If, like me, you have ever spent any time living on a family farm, living among family farmers or even just visiting a family farm, you might have a feeling for what this means. Berry, in his book, On Farming and Food (Counterpoint, 2009), explores the meaning of the family farm, what its success brings to all of us, and also what its failure would mean for us.

In one of the essays, “In Defense of the Family Farm,” Berry writes about the Christian Amish communities in North America. They are easily found. If you drive, say, north of Kitchener, you might see them working the fields by hand and using horse and buggy instead of cars. Do slow down when you pass such a rig so the horses and the occupants in the buggy will know you are sharing the road safely with them.

Berry recommends what he calls eight “Amish Principles.” I more or less quote them here.

One, they preserve their families and communities.

Two, they maintain the practices of neighbourly living.

Three, they practice the art of kitchen and garden, household and homestead.

Four, they use technology, but are not afraid to limit its use. They resist allowing technology to displace or alienate the human labour already available in the community. And they do not throw aside the free sources of power available from the sun, the wind, waterways and so on that come with their land.
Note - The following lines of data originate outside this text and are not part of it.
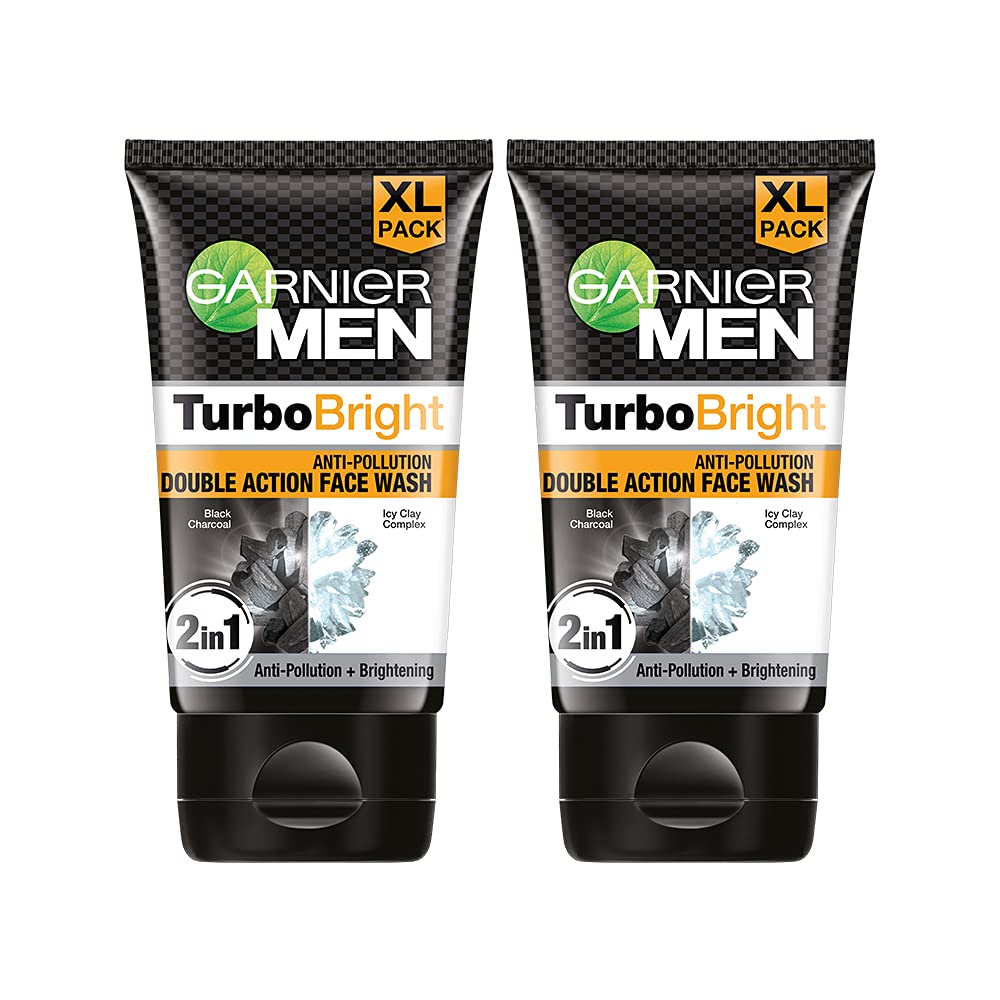 Latest Deal On Garnier Men Turbo Bright Facewash - Charcoal Skin Brightening Facewash, 150gm (Pack of 2) - Dealsified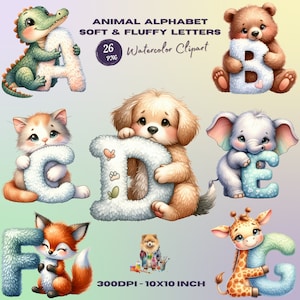 Clipart alphabet animaux aquarelle - texture douce et duveteuse pour une décoration de chambre d'enfant. Téléchargement numérique éducatif pour la scolarisation et l'apprentissage des enfants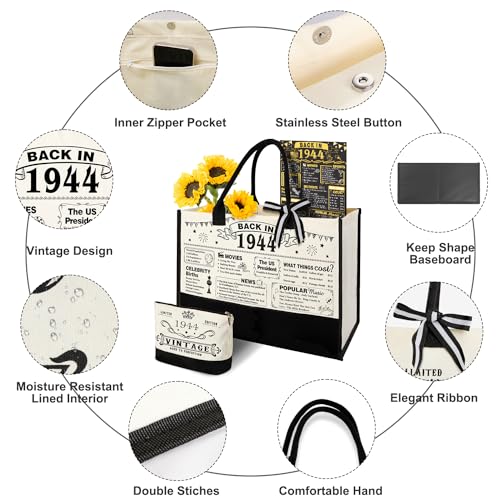 Image of 82nd Birthday Gift for Women-Vintage 1944 Canvas Tote Bag,Makeup Bag,Poster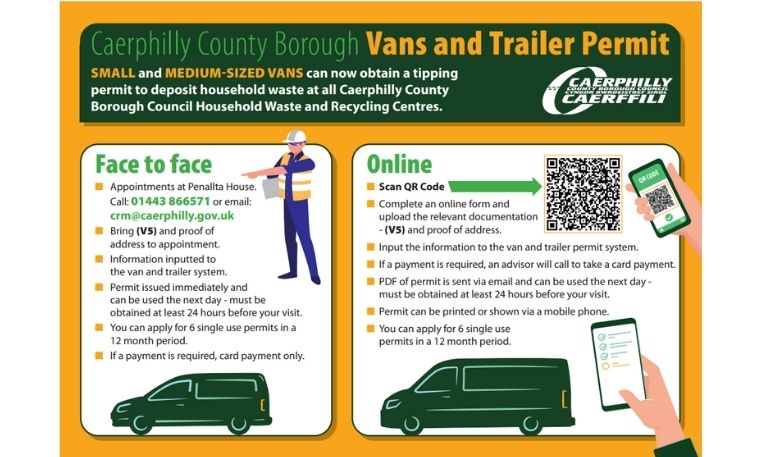 Caerphilly County Borough Council to reintroduce Van and Trailer Permits for use of its Household Waste Recycling Centres.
Five, they create farms of a scale that are compatible with both the practice of neighbourhood and the optimum use of lowpower technology.

Six, because of these practices, they keep their costs down. Therefore, they are not forever indebted to banks, nor are they at the mercy of national and international agribusiness.

Seven, they educate their children to live at home and serve their communities.

Eight, they esteem farming as a spiritual discipline as well as a practical art. In fact, those two dimensions are inseparable.

I would add a ninth principle that is clearly at home in these first eight. Frugality. To throw away nothing. And a concluding story: For a time my father farmed. The barn he used was not the best. But within a few months he had it ready for livestock. One of the things he did was take an old pile of planks and make a second storey.

But here's the most interesting part. The planks were full of nails. Many people today, rather than deal with old planks filled with rusty nails, would throw out such material and buy new lumber and nails from the building supply centre. But my father and I took those planks and pulled out the nails. Each of those nails was precious to him. He had me take those nails, one by one and hold them carefully on the concrete floor. I hit them with a hammer, straightening out every bend, and putting the recycled nails in a jar. Almost all were salvageable. They held that barn together for a long time.

I learned more about what makes an economy healthy from that small farm exercise than I have learned from all the professional economists I have read quoted in our media over many years.